Balatlar Church or Sinope Koimesis Church originally built as a Roman Imperial bath in the 2nd century, the complex, featuring spaces such as the Palaestra, Frigidarium, Tepidarium, Caldarium, and Laconicum, was converted into a church in the late 4th or early 5th century. The church remained in use until the late 20th century and was transformed into an Orthodox burial ground during the Ottoman era, with numerous burials taking place both inside the building and in its courtyard, establishing it as a significant cemetery for the Orthodox community.

The church is located in the northern province of Sinop, Turkey, on the shores of the Black Sea.

All frescoes of Jesus, Mary, mother of Jesus and saints are heavily damaged because of the human and weather factors.

== Archaeological excavations ==
Since 2009 the site has been the scene of archaeological excavations by Mimar Sinan Fine Arts University under the direction of Professor Gülgün Köroğlu of the university's art history department. Turkish archaeologists have found a piece of a stone with crosses carved on it.

In remarks to the press, Köroğlu said: “We have found a holy thing in a chest. It is a piece of a cross, and we think it was [part of the True Cross]. This stone chest is very important to us. It has a history and is the most important artifact we have unearthed so far." Köroğlu added, "We have also found a number of human bones during our excavation, we have been working here for four years and have found more than 2,000 skeletons. We have learned many things during the excavation that we did not previously know.”

Many mosaics and reliquary fragments have been discovered. In the Frigidarium, which was transformed into a Nekhorion (burial chapel), the mosaics were crafted using the opus tessellatum technique and the inscriptions on the mosaic panels indicate that they were commissioned as offerings by the relatives of those buried there.

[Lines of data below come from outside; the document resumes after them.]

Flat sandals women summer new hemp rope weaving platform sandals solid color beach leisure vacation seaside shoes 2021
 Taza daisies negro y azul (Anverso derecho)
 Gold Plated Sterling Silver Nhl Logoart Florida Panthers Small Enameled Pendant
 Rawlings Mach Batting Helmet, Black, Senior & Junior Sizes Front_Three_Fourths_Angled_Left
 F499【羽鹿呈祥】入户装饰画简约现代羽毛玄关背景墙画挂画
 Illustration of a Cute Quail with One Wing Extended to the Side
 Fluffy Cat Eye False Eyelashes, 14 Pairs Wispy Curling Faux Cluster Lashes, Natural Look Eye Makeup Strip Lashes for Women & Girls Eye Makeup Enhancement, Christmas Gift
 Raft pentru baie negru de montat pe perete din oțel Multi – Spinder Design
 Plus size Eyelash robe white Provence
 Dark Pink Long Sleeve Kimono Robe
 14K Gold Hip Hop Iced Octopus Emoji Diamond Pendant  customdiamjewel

During 2024 excavations, archaeologists discovered a 19th-century skull inscribed with the Greek words "Pilgrim Dimitrakis", the first known example of this burial tradition in Anatolia, though similar cases have been found in Greece and Egypt. The skull, believed to belong to a cleric who had made a pilgrimage to Jerusalem, reflects an ancient Orthodox practice of inscribing and displaying skulls.